The overall structures of non-phosphorylated Lef-1(1–63) and phosphorylated Lef-1(1–63) bound to β-catenin are almost identical, except that residues 26–41 of Lef-1 are visible in the phosphorylated structure, where they form an extended loop and participate in both intra- and intermolecular contacts (Fig. 3b,c). Importantly, the temperature factors of Lef-1 undergo a striking increase at Ser40, and the side chain of this phosphoserine is disordered. pLef-1 Gln31 forms an intramolecular hydrogen bond with Lys34, and Glu33 of pLef-1(1–63) interacts with Arg386 of β-catenin (Fig. 3b). The backbone of Lef-1 at residues Glu33 and Lys34 also contacts β-catenin Trp383.
The order of the Lef-1 26–42 region in the phosphorylated structure can be attributed to crystal packing interactions. The phospho-Lef-1–β-catenin complex crystallizes in the same tetragonal space group, but with a smaller c axis, than the non-phosphorylated complex (Table 1). In this smaller lattice, Lef-1 Asp26, Gly28, Pro30, Gln31, Glu33, Phe36, Ala37, and Glu38 interact directly with neighboring β-catenin molecules (Fig. 3c); note that Glu33 forms a salt bridge with Arg647 of a neighbor as well as Arg386 (see above).

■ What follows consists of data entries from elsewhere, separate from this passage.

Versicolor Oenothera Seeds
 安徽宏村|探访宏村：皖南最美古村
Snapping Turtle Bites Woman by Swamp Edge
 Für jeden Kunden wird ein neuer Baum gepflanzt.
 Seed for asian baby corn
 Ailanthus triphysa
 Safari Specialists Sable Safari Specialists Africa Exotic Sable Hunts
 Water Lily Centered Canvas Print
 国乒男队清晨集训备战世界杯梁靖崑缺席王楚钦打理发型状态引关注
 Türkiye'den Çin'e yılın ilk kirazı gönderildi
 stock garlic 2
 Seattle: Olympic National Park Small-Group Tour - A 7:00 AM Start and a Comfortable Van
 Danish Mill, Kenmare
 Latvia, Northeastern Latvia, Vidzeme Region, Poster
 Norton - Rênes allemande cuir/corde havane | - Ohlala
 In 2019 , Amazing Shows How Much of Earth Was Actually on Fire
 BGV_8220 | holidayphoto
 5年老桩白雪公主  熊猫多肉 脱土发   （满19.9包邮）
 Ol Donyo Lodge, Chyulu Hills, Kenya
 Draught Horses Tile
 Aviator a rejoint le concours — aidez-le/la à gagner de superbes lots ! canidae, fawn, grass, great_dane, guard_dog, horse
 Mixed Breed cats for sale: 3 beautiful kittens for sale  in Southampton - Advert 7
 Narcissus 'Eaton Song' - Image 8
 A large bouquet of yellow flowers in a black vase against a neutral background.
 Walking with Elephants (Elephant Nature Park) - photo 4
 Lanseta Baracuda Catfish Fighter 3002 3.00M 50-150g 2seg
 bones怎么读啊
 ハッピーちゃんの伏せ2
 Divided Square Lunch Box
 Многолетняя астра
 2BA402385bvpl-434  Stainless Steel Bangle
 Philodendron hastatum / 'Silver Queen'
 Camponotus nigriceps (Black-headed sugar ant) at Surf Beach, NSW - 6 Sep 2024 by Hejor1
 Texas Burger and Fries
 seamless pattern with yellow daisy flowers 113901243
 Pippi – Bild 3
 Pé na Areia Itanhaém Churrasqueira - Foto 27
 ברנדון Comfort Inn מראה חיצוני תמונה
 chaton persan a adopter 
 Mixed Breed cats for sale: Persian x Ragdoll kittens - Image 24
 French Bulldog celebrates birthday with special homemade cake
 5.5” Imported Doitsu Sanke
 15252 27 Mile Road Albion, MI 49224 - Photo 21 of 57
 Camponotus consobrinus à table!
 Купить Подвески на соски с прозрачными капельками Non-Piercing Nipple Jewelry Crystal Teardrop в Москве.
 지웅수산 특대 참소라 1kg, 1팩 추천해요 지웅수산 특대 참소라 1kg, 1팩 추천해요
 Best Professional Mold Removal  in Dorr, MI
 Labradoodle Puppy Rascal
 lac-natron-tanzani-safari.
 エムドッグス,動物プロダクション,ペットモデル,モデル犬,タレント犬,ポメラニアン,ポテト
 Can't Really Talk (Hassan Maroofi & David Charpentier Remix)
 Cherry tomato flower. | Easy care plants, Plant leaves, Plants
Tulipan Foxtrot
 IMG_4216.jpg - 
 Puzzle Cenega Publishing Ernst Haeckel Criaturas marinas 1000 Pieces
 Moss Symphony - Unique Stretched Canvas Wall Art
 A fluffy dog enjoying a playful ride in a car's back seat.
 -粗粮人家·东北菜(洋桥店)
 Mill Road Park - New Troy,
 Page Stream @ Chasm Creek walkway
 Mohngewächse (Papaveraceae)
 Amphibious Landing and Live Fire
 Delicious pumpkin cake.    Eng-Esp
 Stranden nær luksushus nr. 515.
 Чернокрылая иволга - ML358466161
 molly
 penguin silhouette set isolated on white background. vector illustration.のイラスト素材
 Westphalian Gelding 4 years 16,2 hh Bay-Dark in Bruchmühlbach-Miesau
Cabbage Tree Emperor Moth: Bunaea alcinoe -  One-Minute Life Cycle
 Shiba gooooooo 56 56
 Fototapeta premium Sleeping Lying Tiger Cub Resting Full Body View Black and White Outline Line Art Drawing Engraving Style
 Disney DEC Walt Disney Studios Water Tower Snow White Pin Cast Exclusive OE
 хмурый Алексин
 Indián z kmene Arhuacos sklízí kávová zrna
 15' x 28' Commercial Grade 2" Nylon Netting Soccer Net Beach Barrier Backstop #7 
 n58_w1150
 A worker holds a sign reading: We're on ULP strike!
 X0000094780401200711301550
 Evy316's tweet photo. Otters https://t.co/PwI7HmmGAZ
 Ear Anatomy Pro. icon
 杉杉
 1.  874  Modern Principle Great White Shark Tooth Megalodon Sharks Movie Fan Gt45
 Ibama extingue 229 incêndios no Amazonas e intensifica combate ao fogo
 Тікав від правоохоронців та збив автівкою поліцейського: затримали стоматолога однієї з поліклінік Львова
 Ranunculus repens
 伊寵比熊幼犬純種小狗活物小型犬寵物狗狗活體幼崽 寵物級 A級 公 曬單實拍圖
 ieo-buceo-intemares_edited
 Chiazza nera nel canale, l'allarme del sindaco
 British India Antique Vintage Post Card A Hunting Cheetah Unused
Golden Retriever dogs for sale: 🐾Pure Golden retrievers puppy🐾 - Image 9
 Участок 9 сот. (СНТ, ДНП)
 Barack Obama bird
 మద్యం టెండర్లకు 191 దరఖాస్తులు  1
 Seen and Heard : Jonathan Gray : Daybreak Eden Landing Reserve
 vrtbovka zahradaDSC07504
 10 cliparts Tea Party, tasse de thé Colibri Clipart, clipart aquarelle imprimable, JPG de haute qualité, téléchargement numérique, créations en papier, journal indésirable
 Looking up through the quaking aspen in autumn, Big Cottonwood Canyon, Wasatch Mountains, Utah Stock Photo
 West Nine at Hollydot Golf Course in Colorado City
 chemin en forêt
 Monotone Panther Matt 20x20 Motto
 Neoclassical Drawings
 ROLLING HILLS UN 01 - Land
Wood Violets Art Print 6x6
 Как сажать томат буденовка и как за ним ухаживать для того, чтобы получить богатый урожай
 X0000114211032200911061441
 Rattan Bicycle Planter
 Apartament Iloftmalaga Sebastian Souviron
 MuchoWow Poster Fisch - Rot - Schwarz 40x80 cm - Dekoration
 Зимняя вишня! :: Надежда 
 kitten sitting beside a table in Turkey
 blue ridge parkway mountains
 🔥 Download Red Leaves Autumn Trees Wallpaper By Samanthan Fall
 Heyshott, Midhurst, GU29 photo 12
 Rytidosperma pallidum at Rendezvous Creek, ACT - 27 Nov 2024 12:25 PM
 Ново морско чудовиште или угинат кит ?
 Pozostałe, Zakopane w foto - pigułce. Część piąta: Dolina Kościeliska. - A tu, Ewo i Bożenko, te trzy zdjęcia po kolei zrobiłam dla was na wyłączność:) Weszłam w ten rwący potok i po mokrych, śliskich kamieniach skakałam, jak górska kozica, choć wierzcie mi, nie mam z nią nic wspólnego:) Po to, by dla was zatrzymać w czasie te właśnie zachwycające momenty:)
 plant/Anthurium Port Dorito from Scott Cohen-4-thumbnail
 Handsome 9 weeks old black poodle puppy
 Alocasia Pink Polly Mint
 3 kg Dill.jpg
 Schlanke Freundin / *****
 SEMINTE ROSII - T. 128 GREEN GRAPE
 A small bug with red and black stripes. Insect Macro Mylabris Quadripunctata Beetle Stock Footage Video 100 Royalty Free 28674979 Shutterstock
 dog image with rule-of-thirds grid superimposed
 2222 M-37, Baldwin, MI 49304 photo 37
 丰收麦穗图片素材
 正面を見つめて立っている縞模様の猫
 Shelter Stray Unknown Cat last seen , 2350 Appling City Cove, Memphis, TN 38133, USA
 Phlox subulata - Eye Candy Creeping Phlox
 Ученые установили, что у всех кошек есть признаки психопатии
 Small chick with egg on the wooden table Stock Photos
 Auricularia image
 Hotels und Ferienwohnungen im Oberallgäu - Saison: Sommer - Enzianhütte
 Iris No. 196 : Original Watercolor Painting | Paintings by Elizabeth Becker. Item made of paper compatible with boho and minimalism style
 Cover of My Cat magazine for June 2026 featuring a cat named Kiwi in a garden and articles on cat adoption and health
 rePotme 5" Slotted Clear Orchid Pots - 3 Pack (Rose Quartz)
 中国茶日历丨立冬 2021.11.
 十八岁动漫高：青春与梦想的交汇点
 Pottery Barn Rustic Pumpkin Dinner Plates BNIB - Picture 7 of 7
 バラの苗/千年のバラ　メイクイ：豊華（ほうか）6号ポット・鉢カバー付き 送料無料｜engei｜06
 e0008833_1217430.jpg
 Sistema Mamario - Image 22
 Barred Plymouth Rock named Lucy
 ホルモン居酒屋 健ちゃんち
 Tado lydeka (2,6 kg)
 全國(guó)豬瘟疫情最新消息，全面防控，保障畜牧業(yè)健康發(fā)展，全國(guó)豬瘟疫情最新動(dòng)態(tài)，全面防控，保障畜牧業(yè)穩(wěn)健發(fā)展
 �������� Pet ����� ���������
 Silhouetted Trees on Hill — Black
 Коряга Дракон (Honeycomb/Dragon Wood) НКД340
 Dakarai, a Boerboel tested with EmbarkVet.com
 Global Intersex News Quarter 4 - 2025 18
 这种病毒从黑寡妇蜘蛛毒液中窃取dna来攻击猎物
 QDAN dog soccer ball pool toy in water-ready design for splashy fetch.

It seems likely that the differences in crystallization conditions, possibly due to the altered charge on the exposed phosphoSer40, give rise to this change in the lattice. Lattice formation likely selects one of a number of low energy conformations sampled by this loop in solution, which would imply that the salt bridge formed between Glu33 and Arg386 can occur at least transiently. The significance of the latter interaction is unclear, however, as the Lef-1 mutant K32A/E33A/K34A has no effect on β-catenin binding in a pulldown assay16.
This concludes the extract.